DATA SHOWN
========

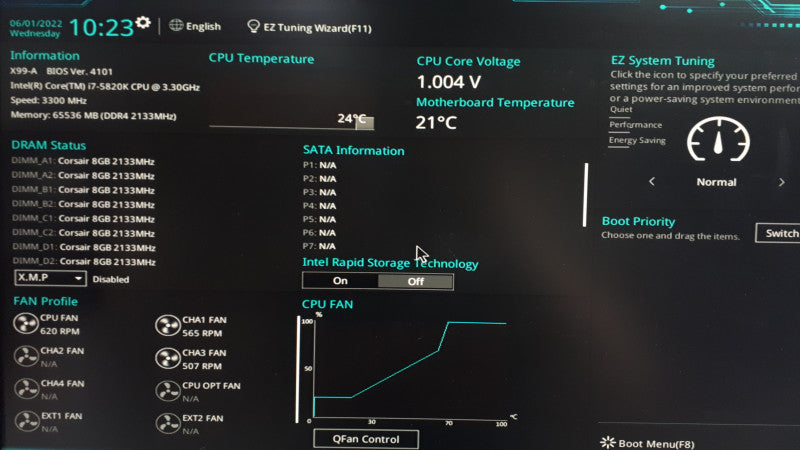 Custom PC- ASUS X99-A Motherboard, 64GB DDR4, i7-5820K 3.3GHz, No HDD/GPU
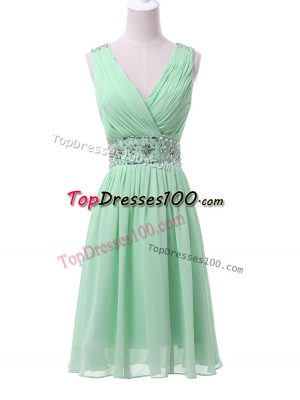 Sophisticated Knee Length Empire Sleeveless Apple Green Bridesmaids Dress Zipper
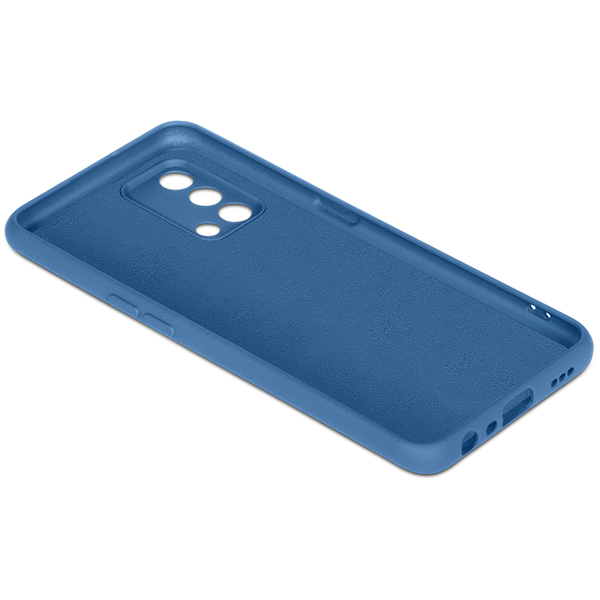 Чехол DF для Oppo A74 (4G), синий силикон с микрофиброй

========

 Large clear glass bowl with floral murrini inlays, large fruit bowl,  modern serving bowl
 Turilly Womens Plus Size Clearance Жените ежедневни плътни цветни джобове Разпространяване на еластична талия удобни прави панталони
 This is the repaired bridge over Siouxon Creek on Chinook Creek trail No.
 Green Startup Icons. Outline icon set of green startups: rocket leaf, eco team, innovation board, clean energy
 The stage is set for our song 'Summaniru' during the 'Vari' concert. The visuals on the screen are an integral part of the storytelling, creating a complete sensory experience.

========

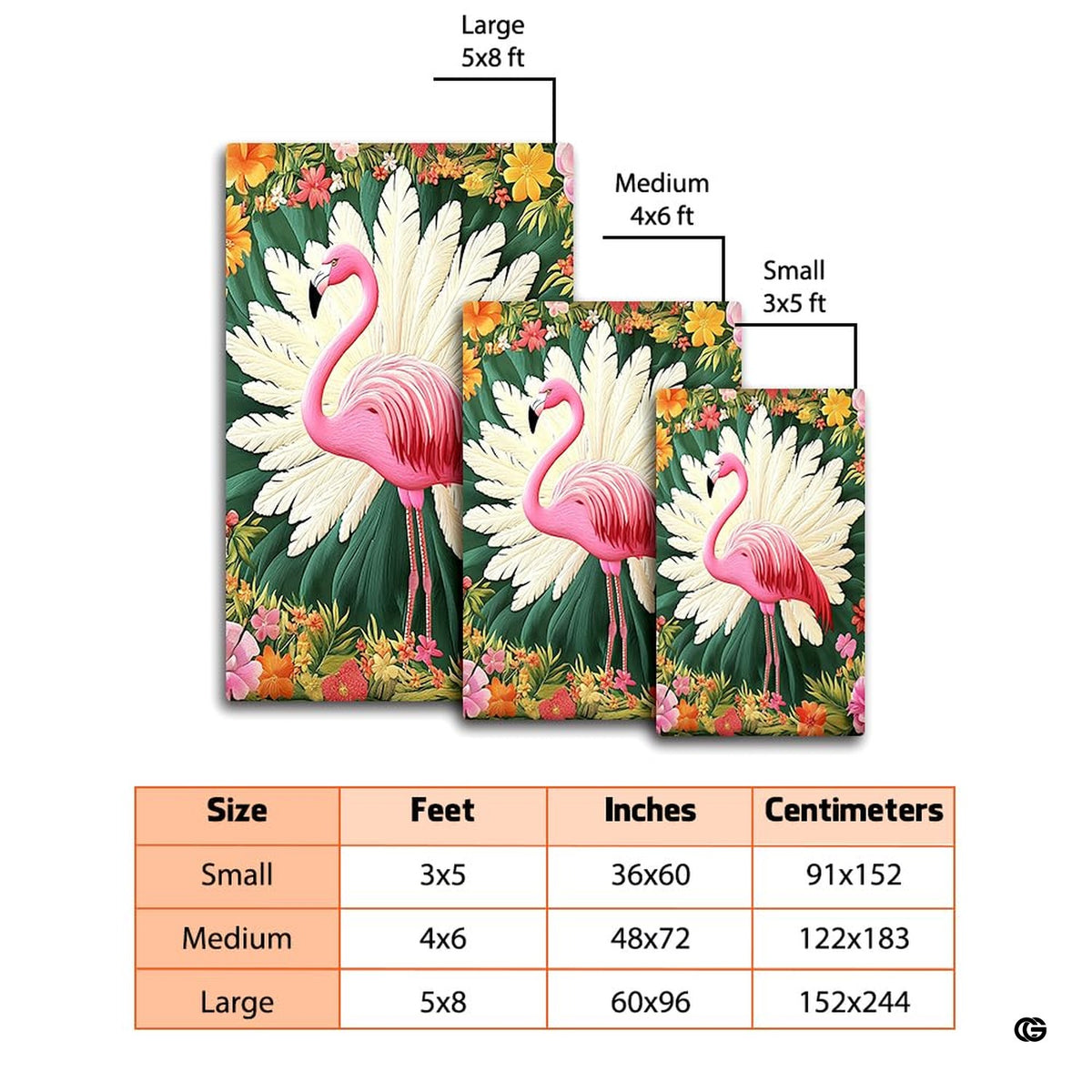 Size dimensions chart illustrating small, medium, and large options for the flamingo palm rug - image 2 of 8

========

EXERCISE AIM
In the listing above, find the line with "Custom PC- ASUS" and the line with "Чехол DF для". Copy exactly those lines and all between them, minus the images.

THE COMPLETED TASK
 Custom PC- ASUS X99-A Motherboard, 64GB DDR4, i7-5820K 3.3GHz, No HDD/GPU
 Sophisticated Knee Length Empire Sleeveless Apple Green Bridesmaids Dress Zipper
 Чехол DF для Oppo A74 (4G), синий силикон с микрофиброй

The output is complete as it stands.